La preferencia por recursos no tradicionales ha estimulado la capacidad de percibir emociones estéticas generadas por objetos, texturas y colores en los espacios no artísticos que nos rodean y con los que convivimos. Por ejemplo, el cubismo, además de ofrecer una mirada pluridimensional en un solo plano, más que plasmar en forma simultánea puntos de vista diversos, nos enseñó a descifrar, en las líneas rectas y las figuras geométricas de la tecnología industrial, ingredientes que despiertan nuestra sensibilidad y nos dicen cosas que necesitamos saber.
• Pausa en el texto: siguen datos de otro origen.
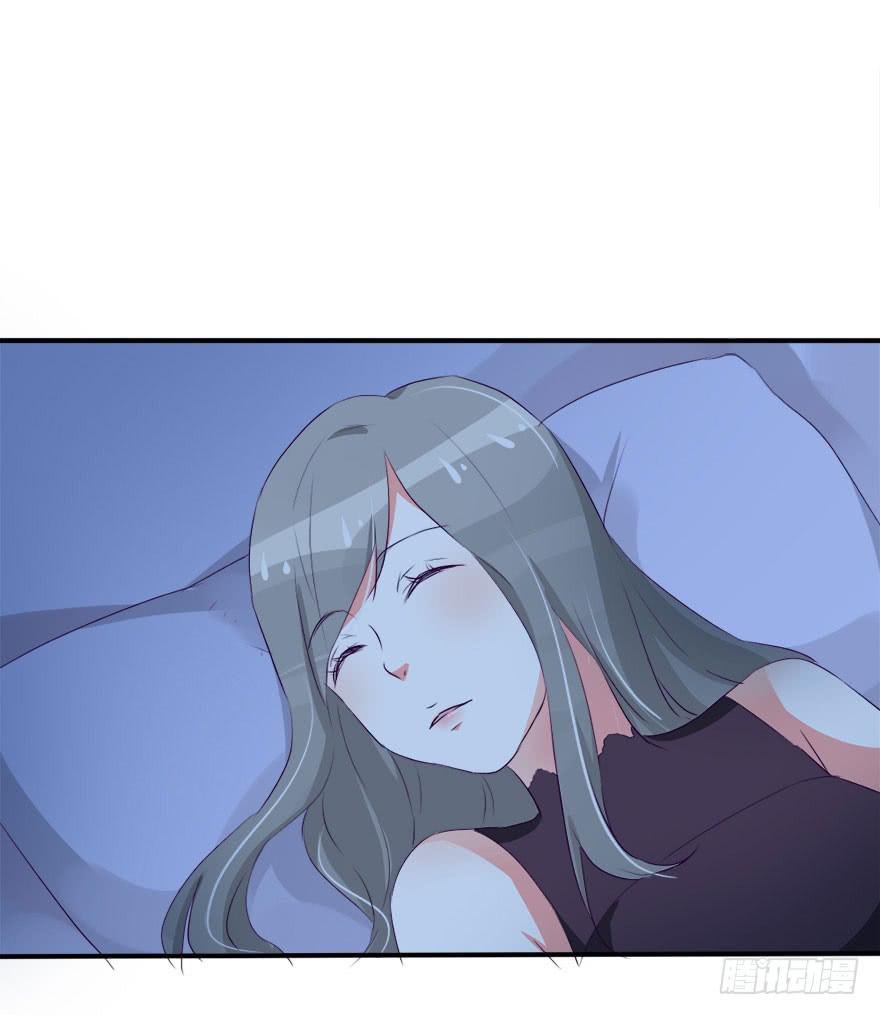 深南这样做是什么意思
De alguna manera, el arte de vanguardia, además de romper las barreras entre vida cotidiana y expresión estética, nos permitió reconocer formas visuales animadas en el contorno urbano e industrial: en el detritus y la basura tanto como en las superficies nuevas de los últimos modelos de artefactos útiles. De igual manera, una especie de puesta en escena de señales visuales del contorno moderno ayuda a la gente a entender, soportar e incluso criticar o rechazar la sublime irracionalidad del mundo que nos rodea. A su vez, en un curioso proceso de retroalimentación, la rebeldía artística ha influido enormemente en el diseño industrial, la publicidad y la arquitectura, una de las dimensiones en que sin duda no ha fracasado. Hay que reconocer que en muchos casos todas estas aportaciones han significado el sacrificio de las obras mismas, que no sobreviven, en beneficio de la cultura de su época. Pero el sacrificio y la autoaniquilación no son forzosamente un fracaso o un naufragio. Se han hundido en el mar de la vida cotidiana.
* Este texto es una versión modificada de uno escrito para el catálogo de la exposición La invención de lo cotidiano, Museo Nacional de Arte, México, 2008-2009.